Task item => Copy, word for word, the lines of the entries below between the one with "Como La Miel" and the one with "Beach Raven Print", inclusive, and leave out everything else.

Record set =>
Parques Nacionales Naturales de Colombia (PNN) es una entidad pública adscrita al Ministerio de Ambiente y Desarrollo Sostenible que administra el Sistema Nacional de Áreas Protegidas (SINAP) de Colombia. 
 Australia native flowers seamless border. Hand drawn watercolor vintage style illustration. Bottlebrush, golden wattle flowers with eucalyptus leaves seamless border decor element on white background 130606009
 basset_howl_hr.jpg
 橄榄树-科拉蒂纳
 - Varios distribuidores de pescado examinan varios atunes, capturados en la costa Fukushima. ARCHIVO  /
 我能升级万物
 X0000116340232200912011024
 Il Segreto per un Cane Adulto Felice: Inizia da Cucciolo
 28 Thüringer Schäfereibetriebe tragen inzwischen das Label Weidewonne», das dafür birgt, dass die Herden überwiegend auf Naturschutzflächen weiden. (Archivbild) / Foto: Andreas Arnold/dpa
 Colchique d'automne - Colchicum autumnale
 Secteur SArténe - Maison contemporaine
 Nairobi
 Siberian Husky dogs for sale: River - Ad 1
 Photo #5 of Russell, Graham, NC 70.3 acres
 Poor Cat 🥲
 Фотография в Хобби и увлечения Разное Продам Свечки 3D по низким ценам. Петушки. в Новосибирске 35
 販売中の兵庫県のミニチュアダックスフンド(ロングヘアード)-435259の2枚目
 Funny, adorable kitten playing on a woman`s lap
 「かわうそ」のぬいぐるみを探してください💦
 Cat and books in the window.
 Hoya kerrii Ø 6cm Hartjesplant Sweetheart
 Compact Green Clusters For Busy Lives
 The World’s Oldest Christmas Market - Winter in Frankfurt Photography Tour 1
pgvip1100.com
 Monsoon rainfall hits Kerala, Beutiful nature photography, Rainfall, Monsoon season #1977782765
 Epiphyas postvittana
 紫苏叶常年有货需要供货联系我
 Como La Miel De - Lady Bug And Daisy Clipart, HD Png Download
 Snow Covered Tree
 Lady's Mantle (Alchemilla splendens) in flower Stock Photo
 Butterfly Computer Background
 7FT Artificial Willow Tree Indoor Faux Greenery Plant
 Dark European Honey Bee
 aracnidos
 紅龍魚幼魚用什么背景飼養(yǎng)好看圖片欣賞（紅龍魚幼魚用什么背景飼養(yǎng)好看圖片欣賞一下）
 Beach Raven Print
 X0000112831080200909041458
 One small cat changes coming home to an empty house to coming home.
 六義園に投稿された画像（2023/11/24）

Output of the exercise =>
 Como La Miel De - Lady Bug And Daisy Clipart, HD Png Download
 Snow Covered Tree
 Lady's Mantle (Alchemilla splendens) in flower Stock Photo
 Butterfly Computer Background
 7FT Artificial Willow Tree Indoor Faux Greenery Plant
 Dark European Honey Bee
 aracnidos
 紅龍魚幼魚用什么背景飼養(yǎng)好看圖片欣賞（紅龍魚幼魚用什么背景飼養(yǎng)好看圖片欣賞一下）
 Beach Raven Print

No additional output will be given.